Это природный юмор, самоирония помогали поэту переживать трудные времена, когда, несмотря на боевые заслуги перед Родиной, талант и всесоюзную славу, в послевоенные годы он был в опале – его не печатали, не упоминали критики. В подлую эпоху борьбы с космополитизмом ему не простили излишнюю вольность в высказываниях, некрасиво напомнили фамилию Шейкман. Он преподавал, переводил и работал «в стол» … Лишь с конца 50-х годов началась публикация его новых сборников, где романтик Светлов предстал поэтом раздумий, поэтом-собеседником:

Нет!

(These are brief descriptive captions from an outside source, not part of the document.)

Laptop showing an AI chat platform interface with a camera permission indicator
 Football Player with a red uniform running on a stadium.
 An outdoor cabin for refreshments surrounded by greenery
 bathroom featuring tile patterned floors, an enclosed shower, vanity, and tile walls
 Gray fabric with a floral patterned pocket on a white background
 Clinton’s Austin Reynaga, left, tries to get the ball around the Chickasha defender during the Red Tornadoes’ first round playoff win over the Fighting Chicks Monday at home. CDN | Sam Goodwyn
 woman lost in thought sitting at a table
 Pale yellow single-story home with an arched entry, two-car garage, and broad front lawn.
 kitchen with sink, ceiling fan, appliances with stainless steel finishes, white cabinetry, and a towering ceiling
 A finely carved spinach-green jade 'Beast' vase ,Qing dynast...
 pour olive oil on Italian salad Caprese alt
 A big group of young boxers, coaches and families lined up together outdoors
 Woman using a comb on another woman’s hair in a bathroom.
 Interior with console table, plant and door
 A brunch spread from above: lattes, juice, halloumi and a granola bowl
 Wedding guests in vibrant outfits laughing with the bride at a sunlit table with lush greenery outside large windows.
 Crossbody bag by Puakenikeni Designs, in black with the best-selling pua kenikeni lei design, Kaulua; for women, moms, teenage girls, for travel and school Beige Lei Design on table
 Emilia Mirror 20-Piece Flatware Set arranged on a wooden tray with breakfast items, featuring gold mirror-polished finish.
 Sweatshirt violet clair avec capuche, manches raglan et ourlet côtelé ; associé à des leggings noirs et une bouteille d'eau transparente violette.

Жизнь моя не стала ржавой,
Не оскудело бытие…
Поэзия – моя держава,
Я вечный подданный ее.
Не только в строчках воспаленных
Я дань эпохе приношу, –
Пишу для будущих влюбленных
И для расставшихся пишу.
О, сколько мной уже забыто,
Пока я шел издалека!
Уже на юности прибита
Мемориальная доска.
Но все ж дела не так уж плохи,
Но я читателю знаком –
Шагал я долго по эпохе
И в обуви и босиком…

Последние его годы, когда он мог говорить с читателем, наверное были для Светлова более счастливыми, хотя умирал он от тяжелой болезни. В 1957 году он написал стихотворение «Бессмертие»:

Как мальчики, мечтая о победах,
Умчались в неизвестные края
Два ангела на двух велосипедах –
Любовь моя и молодость моя.
Иду по следу. Трассу изучаю.
Здесь шина выдохлась, а здесь
прокол,
А здесь подъем – здесь юность
излучает
День моего вступленья в комсомол...
И вспоминая молодость былую,
Я покидаю должность старика,
И юности румяная щека
Опять передо мной для поцелуя.

Ушел Светлов, сохраняя в душе свет. 


Как много хорошего ушло вместе с ним. Определить, что именно – невозможно. Не только талант, как бы ни был он велик, не только доброта, остроумие, нравственное достоинство, помощь в поддержке сотням людей. Неопределимо – обаяние. А главное – Светлов был предметом общей непрестанной любви. Если был, значит, заслужил».
Так в день смерти поэта написал в своем дневнике Павел Антокольский.

 


Сегодня на доме Светлова в проезде Художественного театра висит мемориальная доска: характерный светловский профиль, стандартный текст... Светлов был бы не Светловым, если бы под конец своей жизни, предчувствуя эту мемориальность, не посмеялся над ней и не предложил два варианта надписи на этой доске. Первый: «В этом доме жил и не работал Михаил Светлов...», а второй: «Здесь жил и от этого умер...». Далее по тексту, который хочется дописать: честный, мужественный, благородный, умный и добрый в своей иронии человек и талантливый писатель. И след по себе оставил светлый, чистый, прекрасный.